Her fist closed around the necklace, and she stood, facing Stone with a steely resolve she’d learned from Mariah. “Pack your bags, Casanova. We have a plane to catch.”
Two
Staring out the office window, Stone listened for the door to click closed as his grandmother and Johanna left, then he sank into the leather desk chair, his shoulders hunched. He couldn’t believe Johanna had actually agreed to a week alone on the road with him.
Heaven or hell?
He’d started to argue with Mariah, but she’d cut out on the conversation, claiming exhaustion. How could he dispute that? If anything, he wanted to wrap her in cotton to protect her even as she made her way to her favorite chaise longue chair up in her sitting room.
The prideful air that had shone in Mariah’s eyes kept him from following her. Not to mention the intuitive sense that she needed to be alone. He understood the feeling, especially right now. He and his grandmother were alike in that, needing privacy and space to lick wounds. A hard sigh racked his body as he tamped down the urge to tear apart the whole office space—books, computers, saddles and framed awards—to rage at a world that would take away his grandmother.
The last thing he wanted to do was leave Fort Worth now and waste even one of her remaining days flying around the country. Even with Johanna.
What exactly was Mariah’s angle in pairing them up on this Mutt Mission of Mercy? Was she making him jump through hoops like one of her trained dogs to see how badly he wanted to run the company, to prove he had a heart? Or was she matchmaking, as Johanna had accused? If so, this wasn’t about the company at all, which should reassure him.
More likely his multitasking, masterminding grandmother was looking to kill two birds with one stone—matchmaking and putting him through the wringer to make him appreciate what he’d inherit when he took the reins of the company.
He just had to get through the next seven days with his former fiancée without rehashing the train wreck of their messy breakup where she’d pointed out all his emotional shortcomings.
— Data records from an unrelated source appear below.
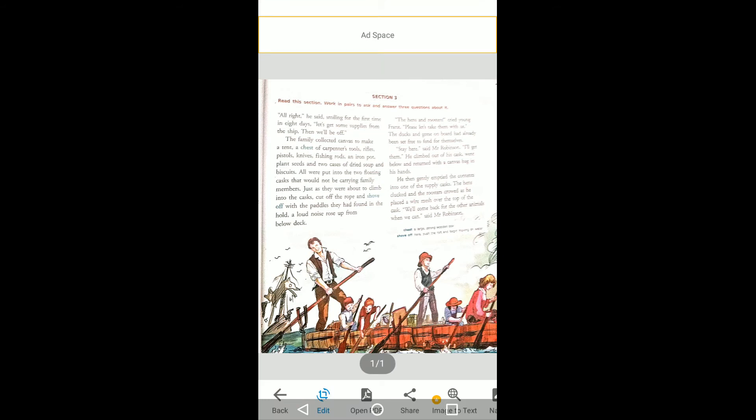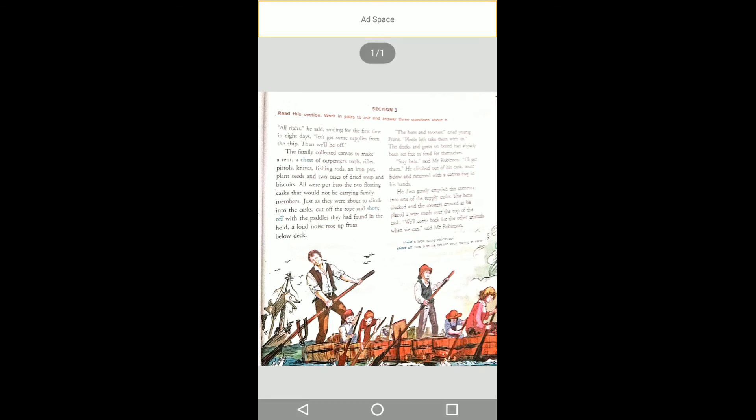A loud noise rose up from the below deck. The hens and roosters cried. Young Friends said, please let us take them with us.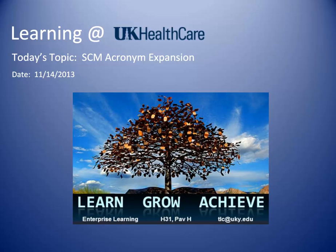Welcome to Learning at UK Healthcare. This short video will make it easy to use the Acronym Expansion feature in Sunrise Clinical Manager.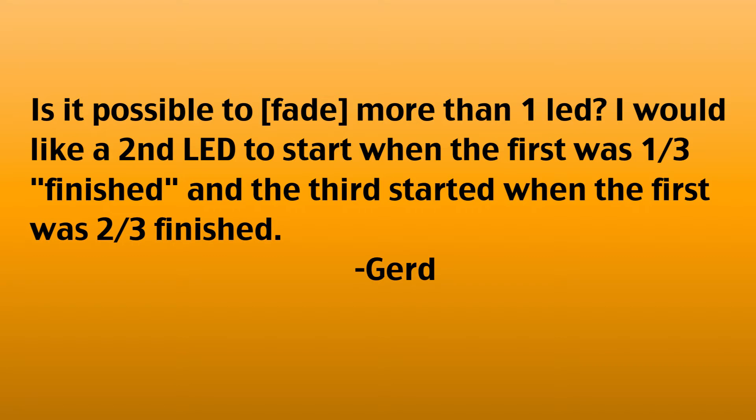This question comes from Gerd and it's in reference to tutorial 10, which is how to fade an LED. This is for the Arduino course for absolute beginners and that tutorial is one of the short course videos that's up on YouTube if you're interested. So she wants to know is it possible to fade more than one LED. She'd like a second LED to start when the first one is one-third finished and the third LED to start fading when the first LED is two-thirds finished.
He couldn’t give Johanna what she’d wanted from him—a white picket fence family life. He wasn’t wired that way. He truly was aptly named. He might have overcome the rough start in life, born with an addiction, spending most of his first ten years catching up on developmental delays—but some betrayals left scars so thick and deep he might as well be made of stone.
He understood full well his grandmother’s concerns about him were true, even if he disagreed about the company needing a soft-hearted marshmallow at the helm. Although God knew he would do anything to give his grandmother peace, whatever her motivation for this doggy assignment. The business was all he would have left of her and he didn’t intend to throw that away because hanging out with Johanna opened him up to a second round of falling short. His hand fisted on the chair’s armrests as he stared out at the rolling fields filled with vacationers riding into the woods.
No, he didn’t expect a magical fix-it with the only woman he’d ever considered marrying. But he needed closure. Because he couldn’t stop thinking about her. And he was growing weary of her avoiding him.
Truth be told, he would give his right arm for the chance to sleep with Johanna again. And again. And most certainly again, because she ruled his thoughts until he hadn’t been able to touch another woman since their breakup seven months ago. That was a damn long time to go without.
The life of a monk didn’t suit him. Frustration pumped through him, making him ache to punch a wall. He dragged in breaths of air and forced his fists to unfurl along the arms of the chair.
A hand rested lightly on his shoulder.
Stone jolted and pivoted around fast. “Johanna? You’ve been there the whole time?”
He’d assumed she’d left with his grandmother.